━━━ INFORMATION

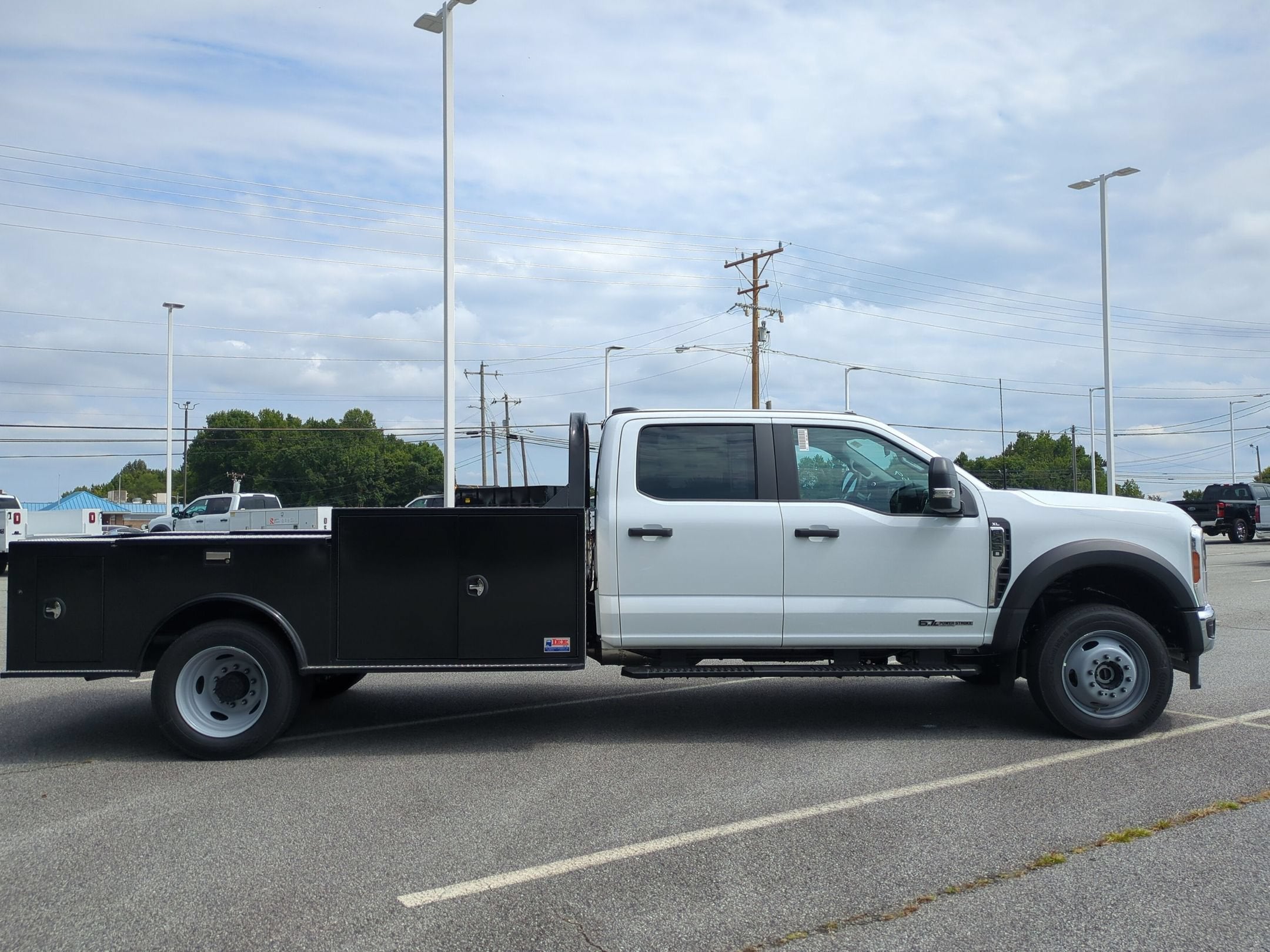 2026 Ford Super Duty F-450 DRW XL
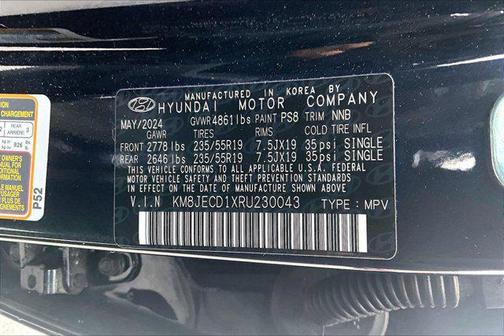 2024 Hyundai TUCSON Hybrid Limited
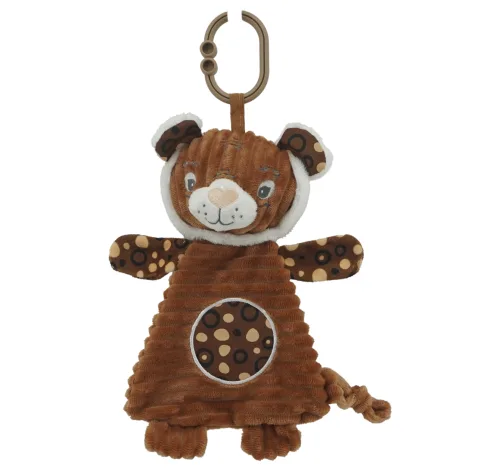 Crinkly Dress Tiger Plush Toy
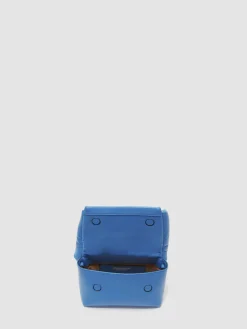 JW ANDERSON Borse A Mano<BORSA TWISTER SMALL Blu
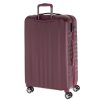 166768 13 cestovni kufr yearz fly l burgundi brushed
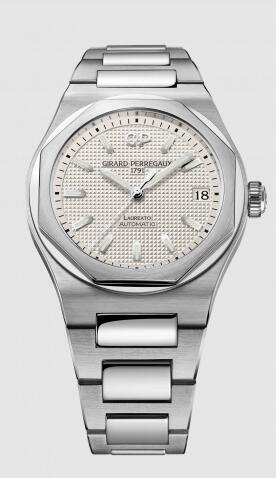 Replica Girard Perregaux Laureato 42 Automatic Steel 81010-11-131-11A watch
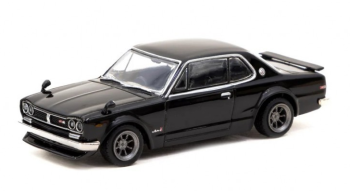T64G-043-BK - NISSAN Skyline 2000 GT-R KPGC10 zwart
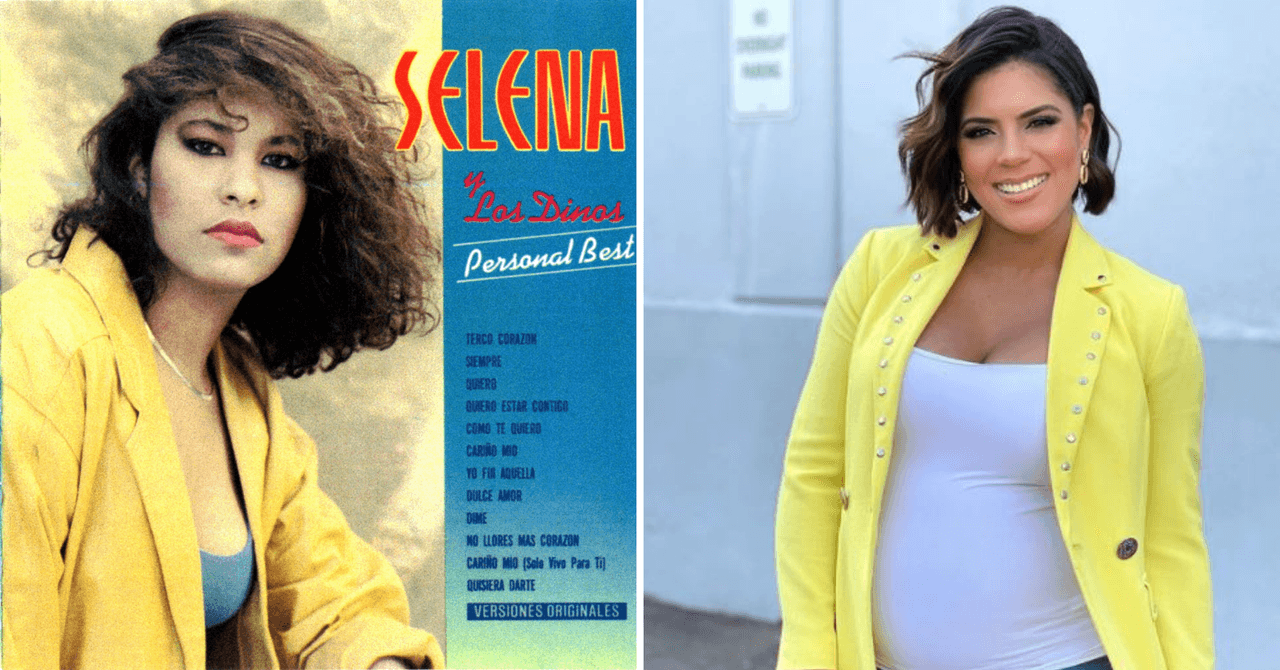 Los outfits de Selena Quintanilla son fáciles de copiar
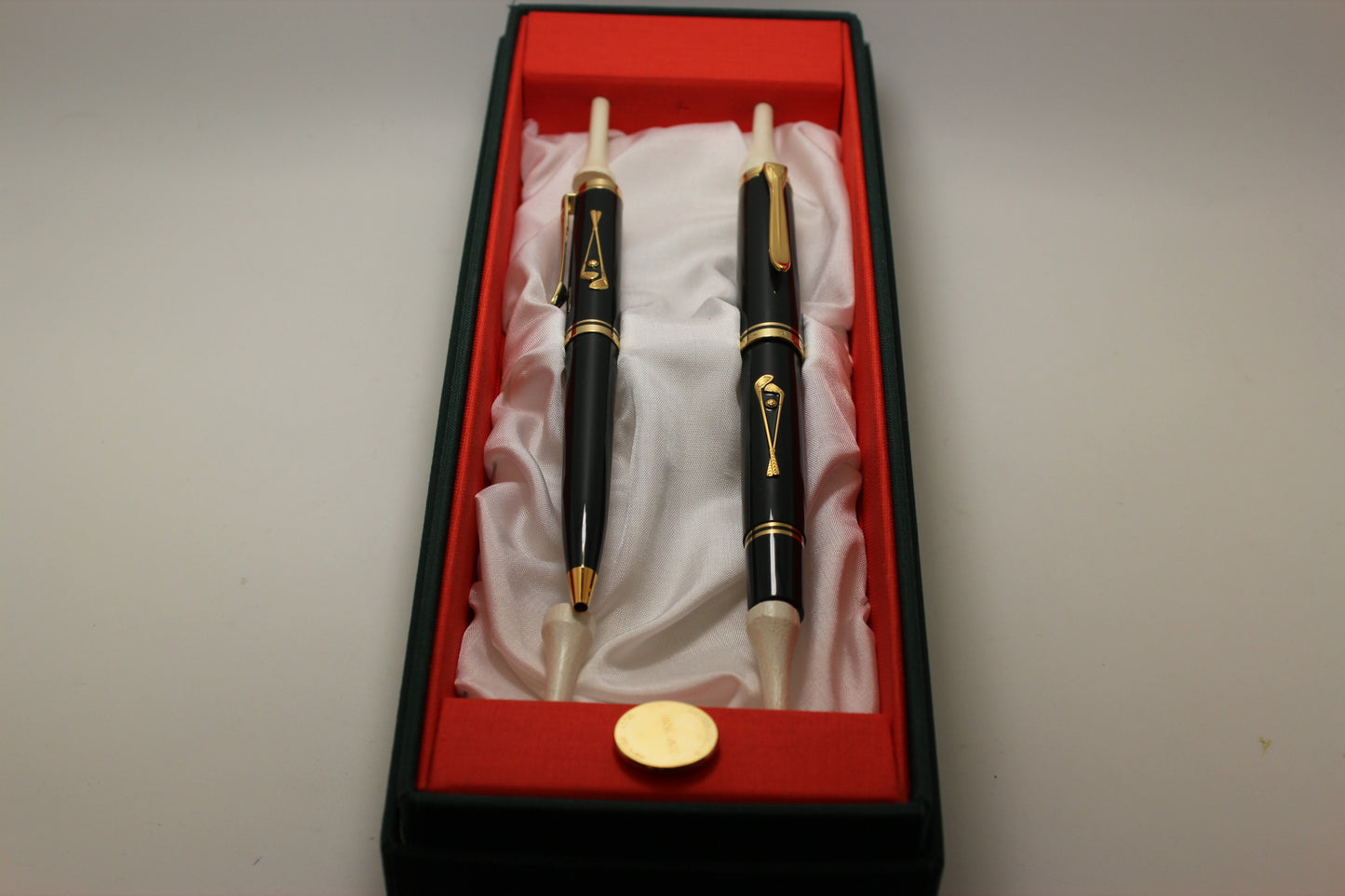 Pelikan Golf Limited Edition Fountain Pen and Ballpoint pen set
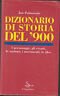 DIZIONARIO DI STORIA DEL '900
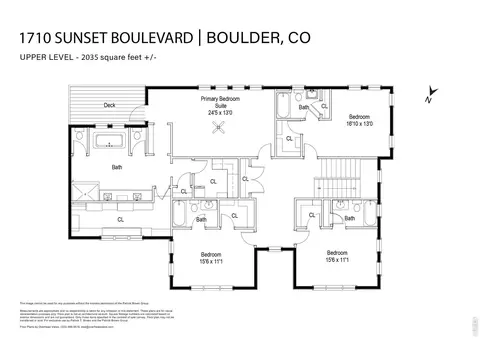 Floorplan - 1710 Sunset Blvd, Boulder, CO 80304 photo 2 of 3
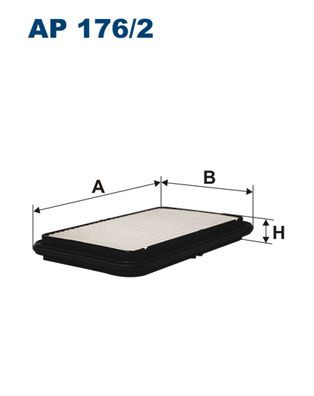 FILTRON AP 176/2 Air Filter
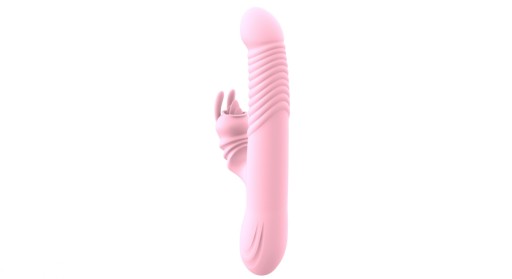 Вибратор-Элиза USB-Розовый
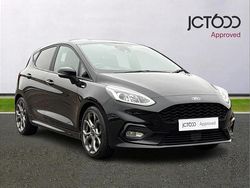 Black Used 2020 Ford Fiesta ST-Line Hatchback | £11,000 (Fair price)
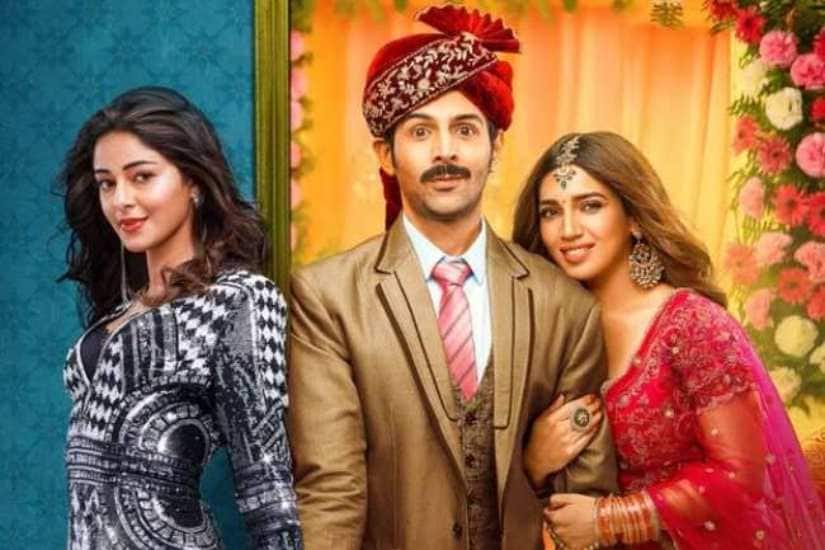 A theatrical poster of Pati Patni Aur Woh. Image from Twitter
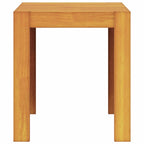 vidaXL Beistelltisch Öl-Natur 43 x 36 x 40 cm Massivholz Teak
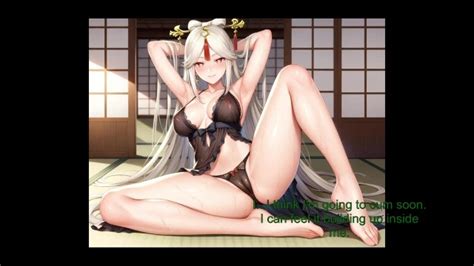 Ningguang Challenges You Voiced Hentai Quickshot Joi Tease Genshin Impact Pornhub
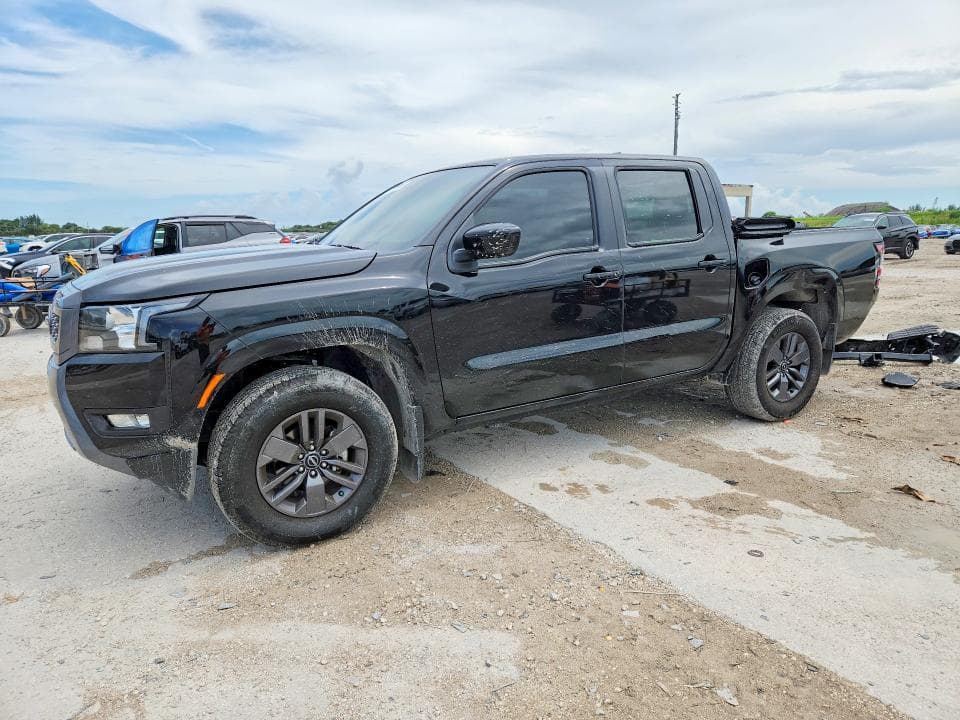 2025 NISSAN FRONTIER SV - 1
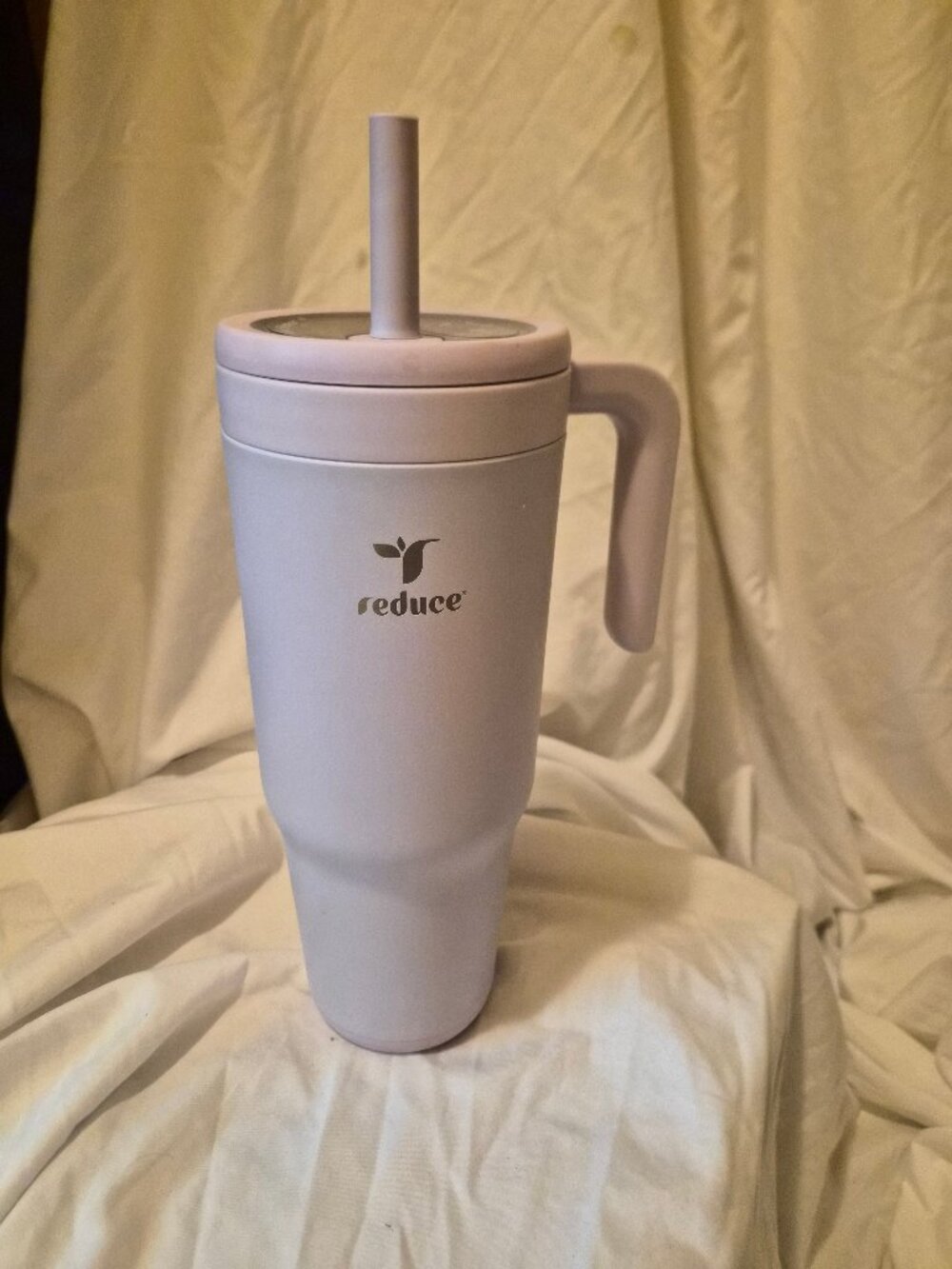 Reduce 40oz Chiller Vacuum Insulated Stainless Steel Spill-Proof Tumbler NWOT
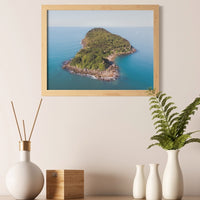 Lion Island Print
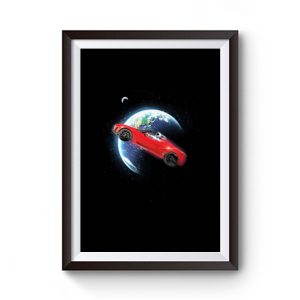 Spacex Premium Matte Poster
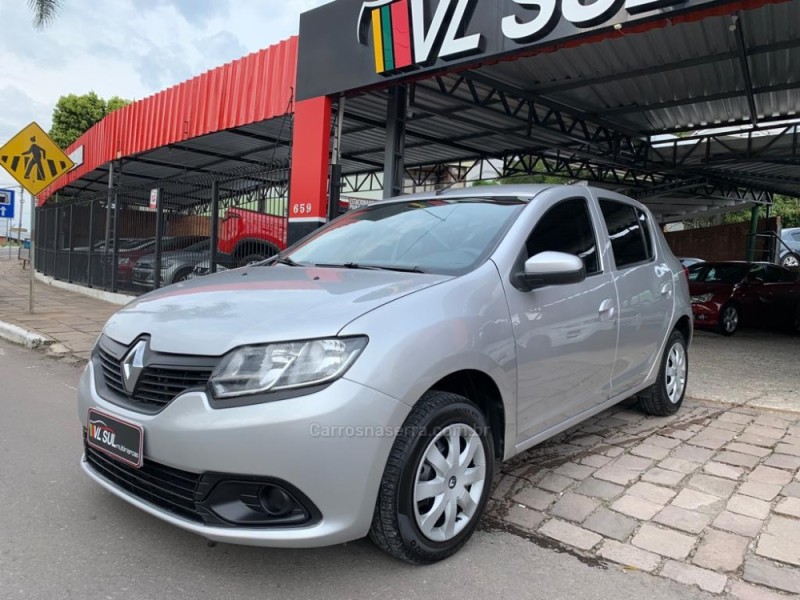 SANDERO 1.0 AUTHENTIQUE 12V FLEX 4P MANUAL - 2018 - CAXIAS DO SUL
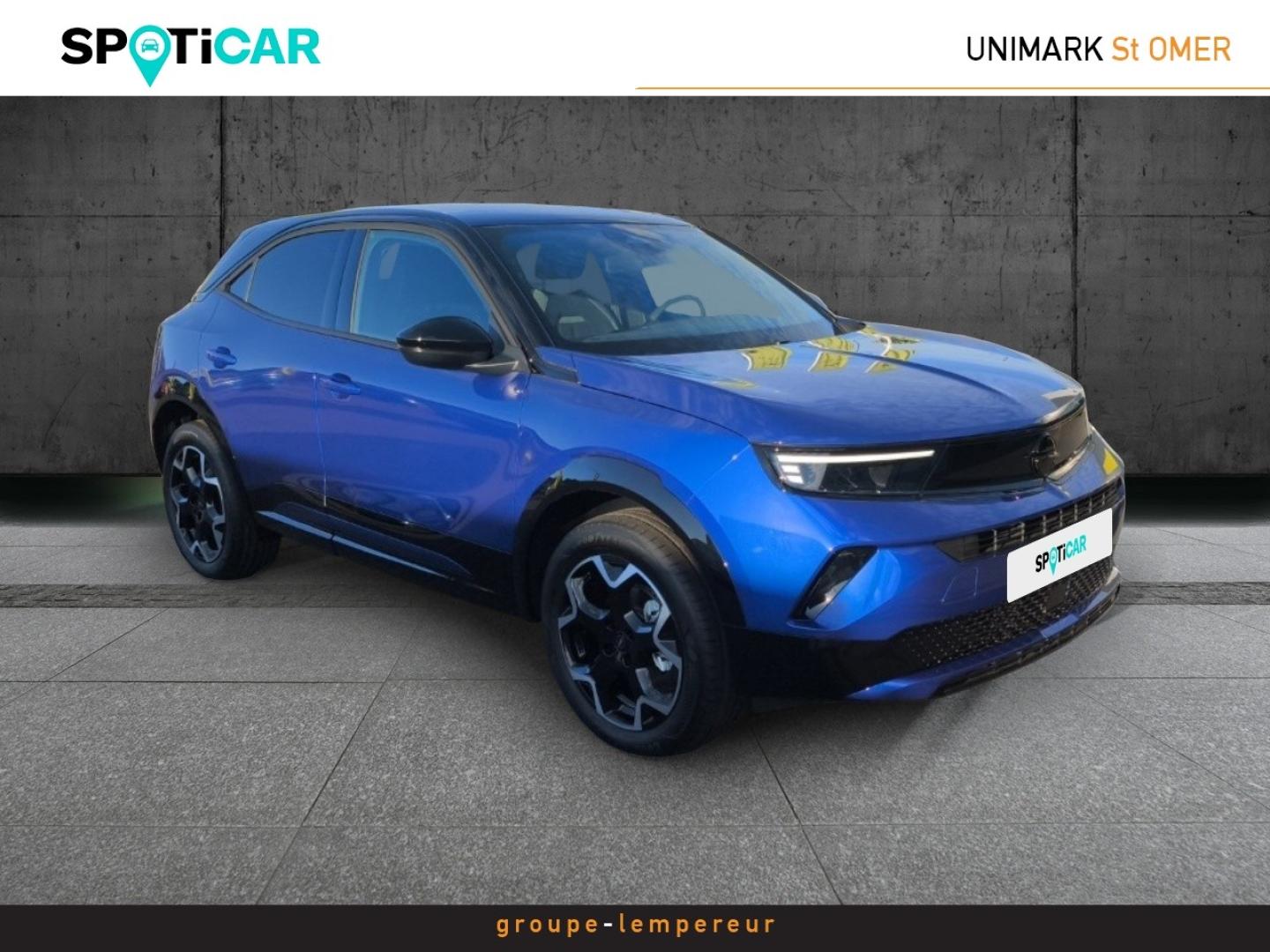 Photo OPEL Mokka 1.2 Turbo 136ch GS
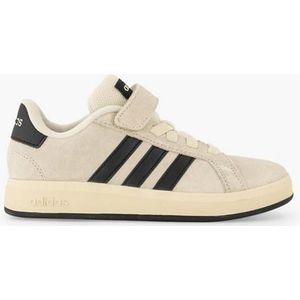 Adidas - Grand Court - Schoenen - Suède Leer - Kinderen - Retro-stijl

━━━━━━

▶ **TASK TO COMPLETE**: Where a picture appears, omit it; otherwise reproduce each line above from the first to the one with "Black Used 2020", inclusive.

▶ **SOLVED PROBLEM**:
 2026 Ford Super Duty F-450 DRW XL
 2024 Hyundai TUCSON Hybrid Limited
 Crinkly Dress Tiger Plush Toy
 JW ANDERSON Borse A Mano<BORSA TWISTER SMALL Blu
 166768 13 cestovni kufr yearz fly l burgundi brushed
 Replica Girard Perregaux Laureato 42 Automatic Steel 81010-11-131-11A watch
T64G-043-BK - NISSAN Skyline 2000 GT-R KPGC10 zwart
 Los outfits de Selena Quintanilla son fáciles de copiar
 Pelikan Golf Limited Edition Fountain Pen and Ballpoint pen set
 DIZIONARIO DI STORIA DEL '900
 Floorplan - 1710 Sunset Blvd, Boulder, CO 80304 photo 2 of 3
 FILTRON AP 176/2 Air Filter
 Вибратор-Элиза USB-Розовый
 Black Used 2020 Ford Fiesta ST-Line Hatchback | £11,000 (Fair price)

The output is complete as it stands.